Restate verbatim the span of lines below between the line with "Kharma X Renzotheengineer" and the line with "2003 Kawasaki Prairie", including those two lines, and only that span.

Available records:
+-------+

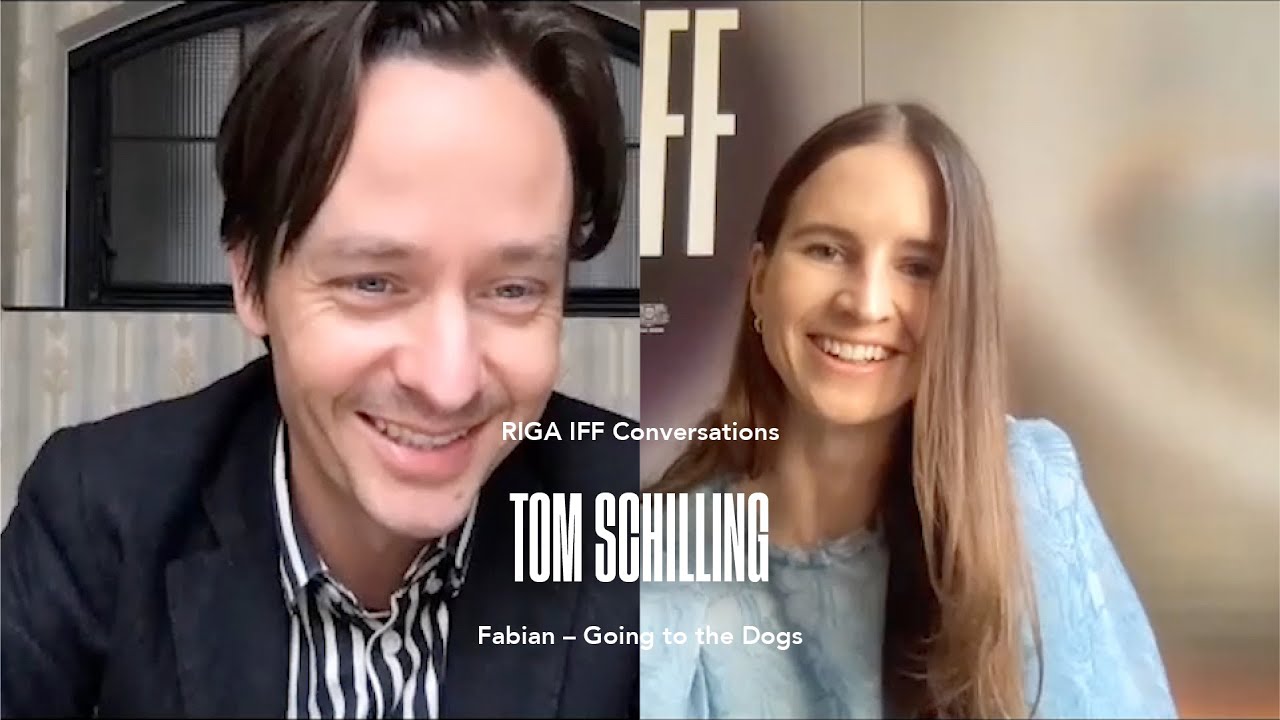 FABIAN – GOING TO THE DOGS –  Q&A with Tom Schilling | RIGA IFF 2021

+-------+

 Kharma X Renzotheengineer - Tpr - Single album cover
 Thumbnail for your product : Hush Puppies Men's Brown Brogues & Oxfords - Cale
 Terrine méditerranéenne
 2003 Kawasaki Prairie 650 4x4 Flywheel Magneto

+-------+

Task result:
 Kharma X Renzotheengineer - Tpr - Single album cover
 Thumbnail for your product : Hush Puppies Men's Brown Brogues & Oxfords - Cale
 Terrine méditerranéenne
 2003 Kawasaki Prairie 650 4x4 Flywheel Magneto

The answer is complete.